Como a sensibilidade pode abrir os caminhos do futuro
“Diego não conhecia o mar. O
pai, Santiago Kovakloff, levou-o para que descobrisse o mar. Viajaram para o
Sul. Ele, o mar, estava do outro lado das dunas altas, esperando. Quando o
menino e o pai enfim alcançaram aquelas alturas de areia, depois de muito
caminhar, o mar estava na frente de seus olhos. E foi tanta a imensidão do mar,
e tanto seu fulgor, que o menino ficou mudo de beleza. E quando finalmente
conseguiu falar, tremendo, gaguejando, pediu ao pai: - Pai, me ensina a olhar!”
(Eduardo Galeano em O livro dos abraços).
O uruguaio Eduardo Galeno,
recentemente falecido (abril de 2015), é um exemplo de multissensibilidade.

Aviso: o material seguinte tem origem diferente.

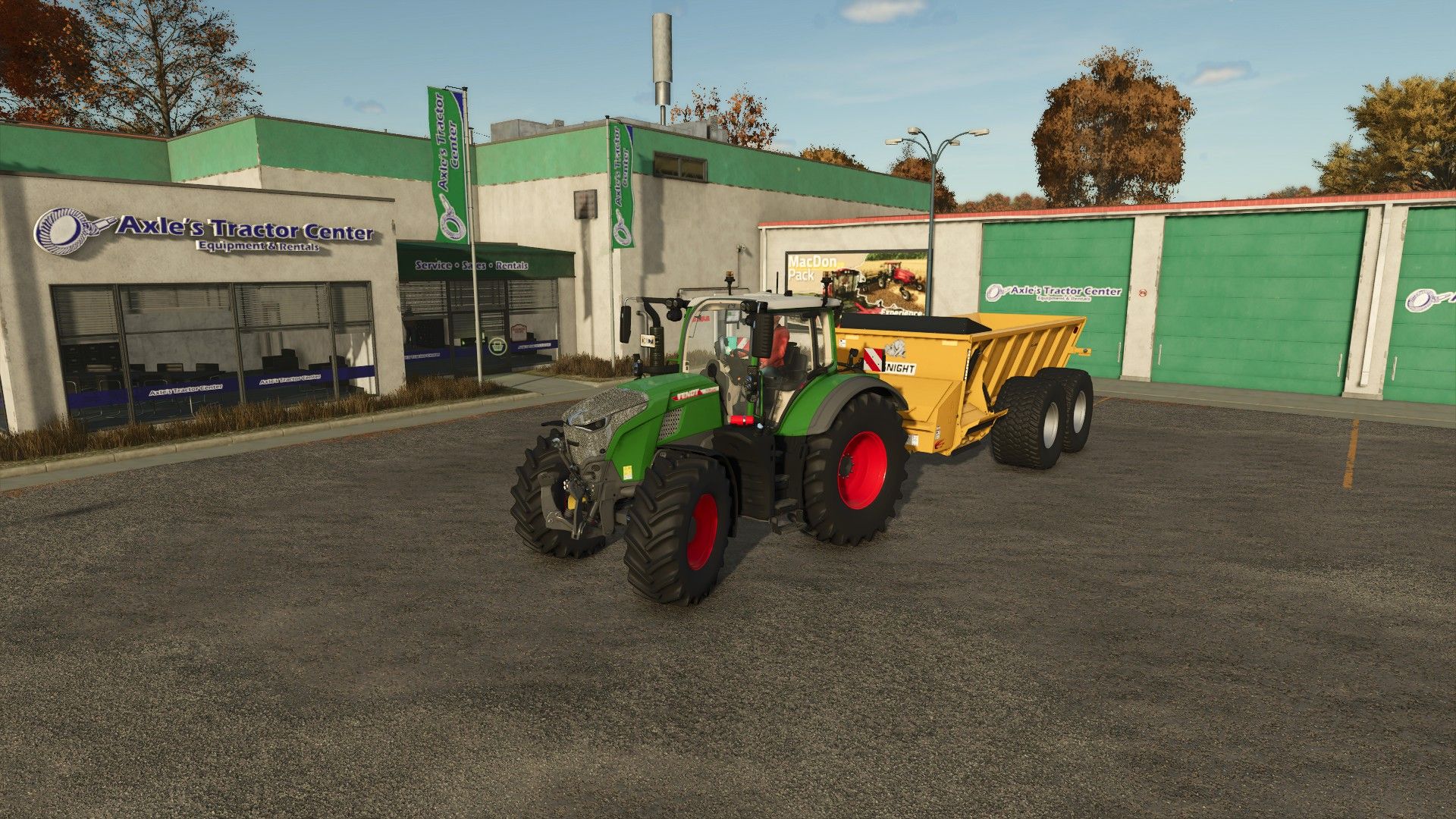 kuhn-knight-v1.0-1.jpg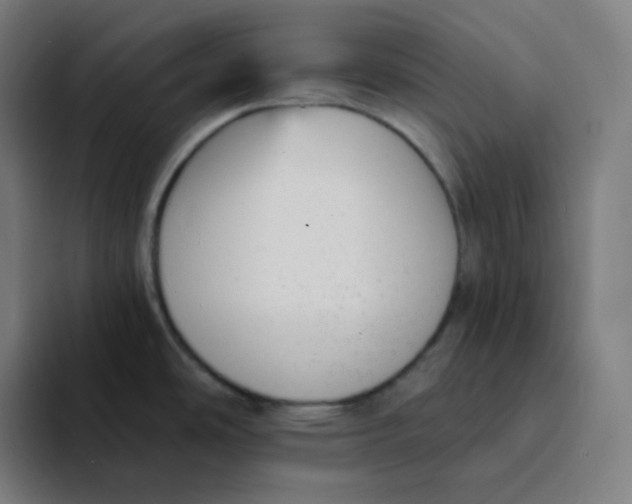 X0000094191486200711161738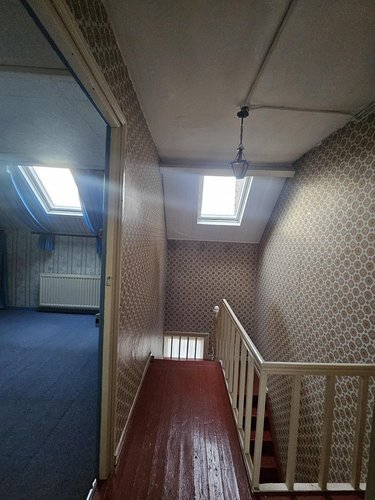 Maison a vendre Lille 59000 Nord 108 m2 5 pièces 226000 euros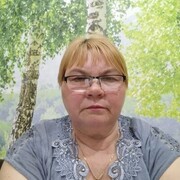  ,   , 63 ,   c 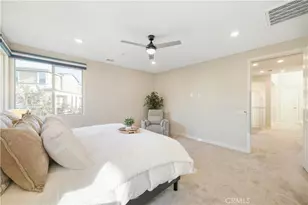 133 Denali, Lake Forest, CA 92630 - Photo 25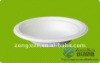 ZX3-L-400  400ml  biodegradable bowls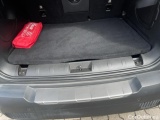  Jeep  Renegade 1.3 T-GDI ACTIVE DRIVE  #36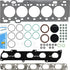 Head Gasket Set Volvo S40 II, S80 II, V50 2.5 - 02-39546-01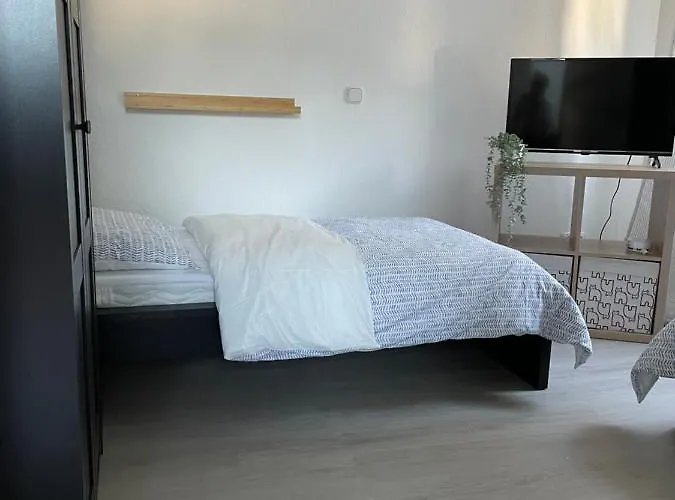 Sano - - Am Predigerstuhl *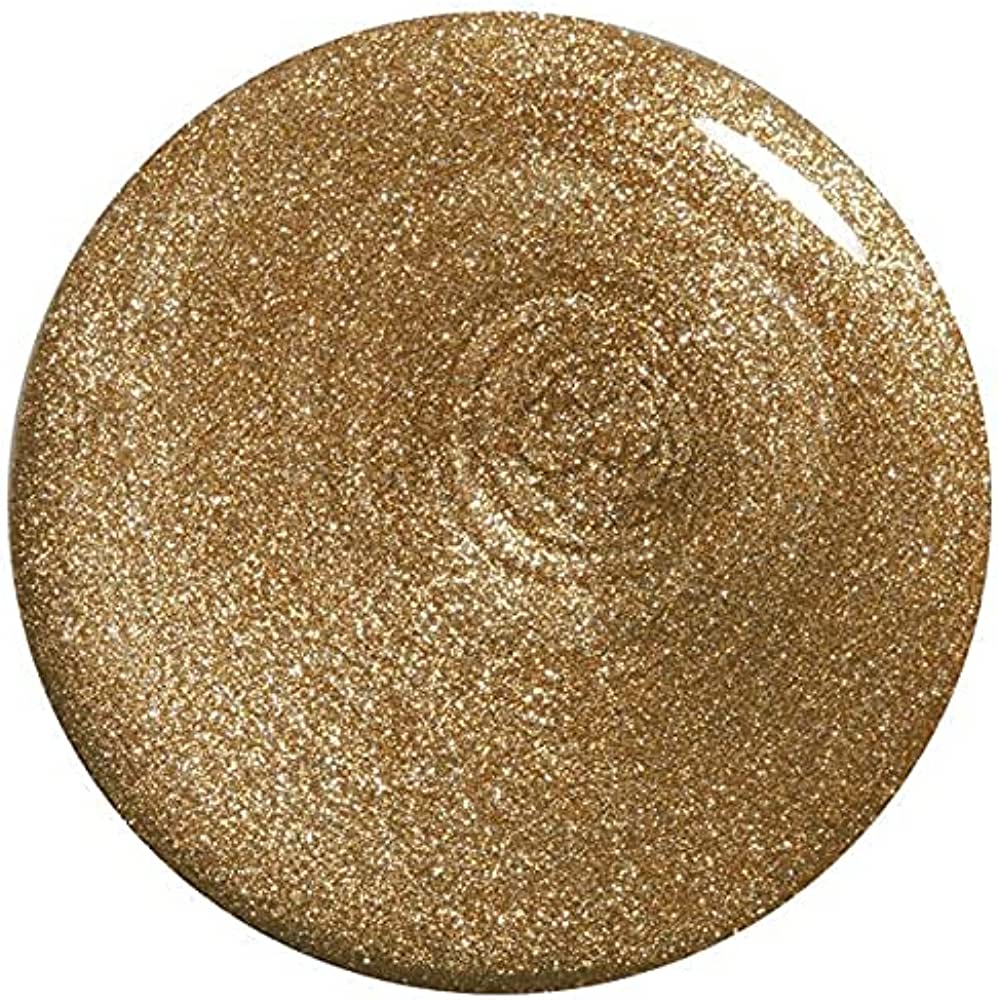 Orly - 0294 Luxe 1.5oz (Powder)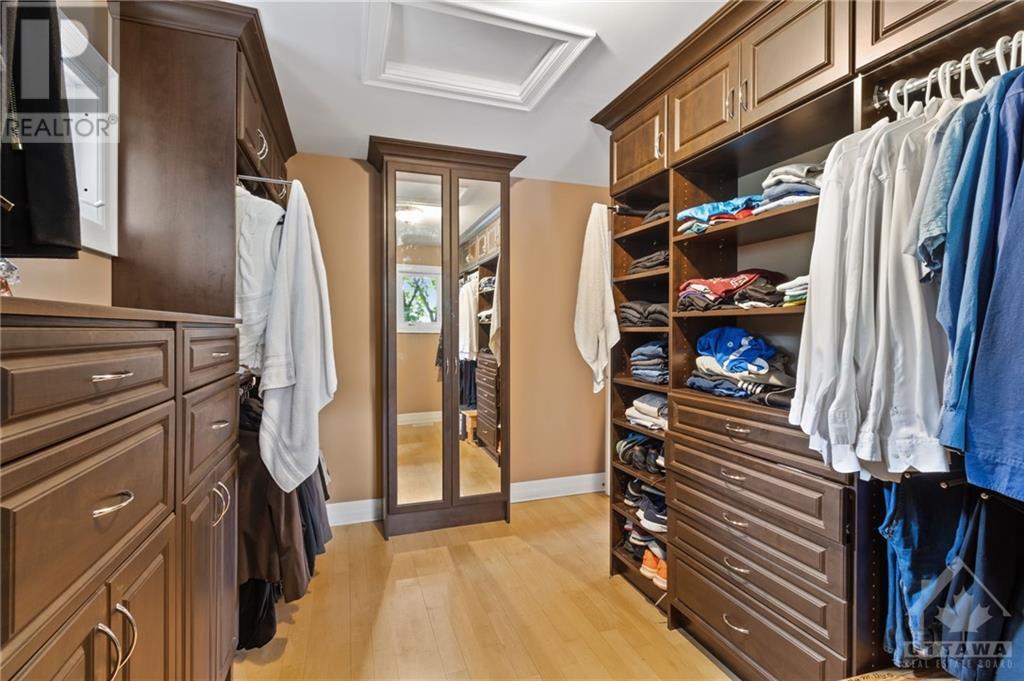 120 Rossland Avenue, Ottawa, Ontario  K2G 2L3 - Photo 14 - 1404861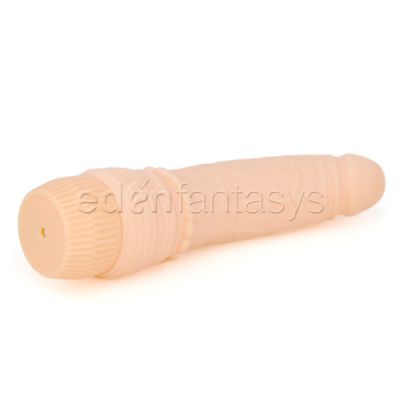 Playtoys petite peach teaser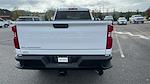 2025 Chevrolet Silverado 3500 Regular Cab 4x4, Pickup for sale #T252217 - photo 3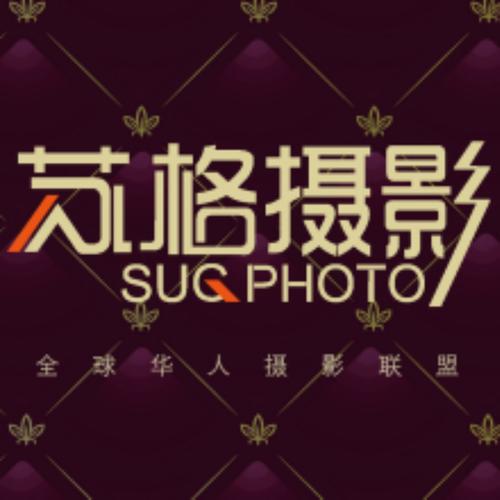 亚洲xx少妇xx的相关介绍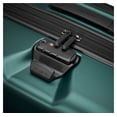 thumbnail image 3 of Samsonite Ridgeway Hardside 2-Piece Luggage Set, 3 of 3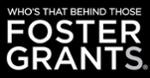Foster Grant Coupons & Promo Codes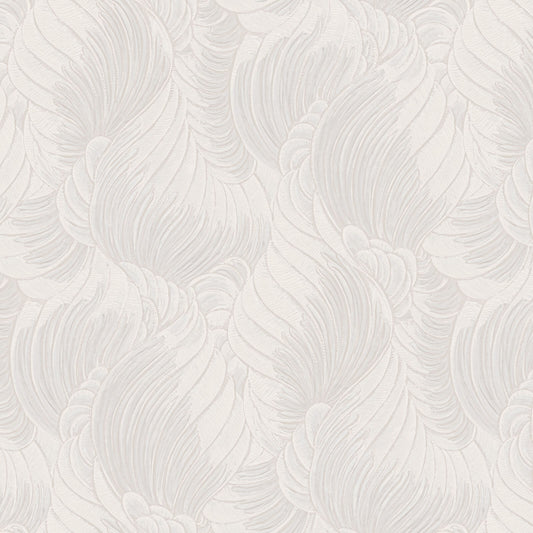 Tapeta ZAMBAITI PARATI Elie Saab 2 Stylizowane liście Z34910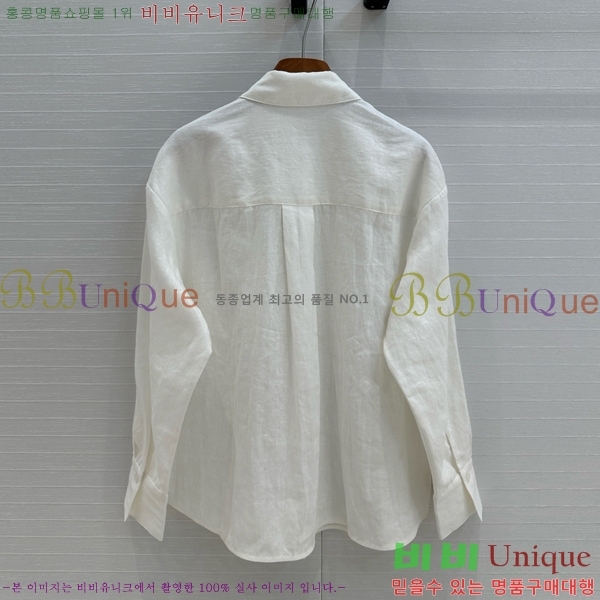  ηǾƳ  LP252275509-2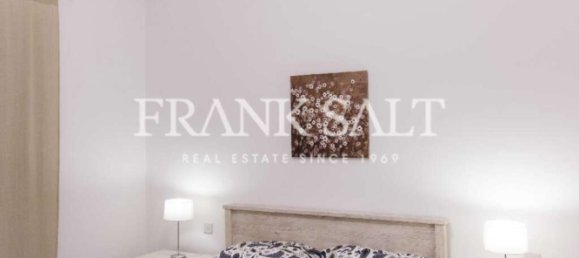 2 bedrooms Penthouse in Swieqi, Malta No. 2112 4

Poeta, pensador, jornalista e escritor de mais de 40 livros, abordou temas
ligados à ficção literária, história e política. Polêmico, escreveu As veias abertas da América Latina, uma
obra que, por muitos anos, foi citada como exemplo da opressão dos povos
latino-americanos pelas potências globais (Europa e Estados Unidos). E, para
surpresa de muitos, 40 anos depois da edição, Galeano criticou fortemente seu
próprio livro, classificando-o como um texto despreparado e que nem ele próprio
leria nos tempos atuais. Um exemplo vivo de adoção, na realidade, de uma de
suas frases mais conhecidas: “Somos o que fazemos, mas somos, principalmente, o
que fazemos para mudar o que somos”.
Qual a relação desse caso com o
título deste artigo? Como o desconhecido pode ser mais facilmente definido com
a ajuda e os exemplos de Eduardo Galeano? Com a sensibilidade de um novo olhar.
Aquele desejo de aprendizado do garoto que pede ao pai que o ensine a olhar. Ou
a coragem de alguém célebre colocar a vaidade de lado e criticar sua própria
obra.
Precisamos cultivar, nestes tempos
difíceis, um novo olhar, desligado de visões estanques e crenças arraigadas no
passado. O desconhecido nos inquieta e assombra. Em momentos de incerteza e
ambiguidade, como lidar com o inesperado? Como manter a paz de espírito e o
equilíbrio das decisões?
Não há resposta fácil, mas
certamente o resgate da sensibilidade pode ser uma tentativa de aprender com a
própria incerteza, de refletir sobre o potencial atrofiado de descobertas que
cada um de nós pode acionar no lugar da inquietude e dos desacertos.
Os tempos recentes determinaram
algumas verdades estabelecidas, vários estereótipos e clichês que vêm marcando
o nosso olhar do cotidiano, nossa maneira de pensar, sentir, julgar e agir.
Entretanto, a avalanche de mudanças e o turbilhão de fatos inesperados a cada
manchete de jornal pedem um tempo de serenidade, cada um com o seu contexto de
vida, seus valores, dúvidas e anseios. Cada um com o olhar sensível e alerta
para lidar com o desconhecido, o “decifra-me ou te devoro” de cada ser humano.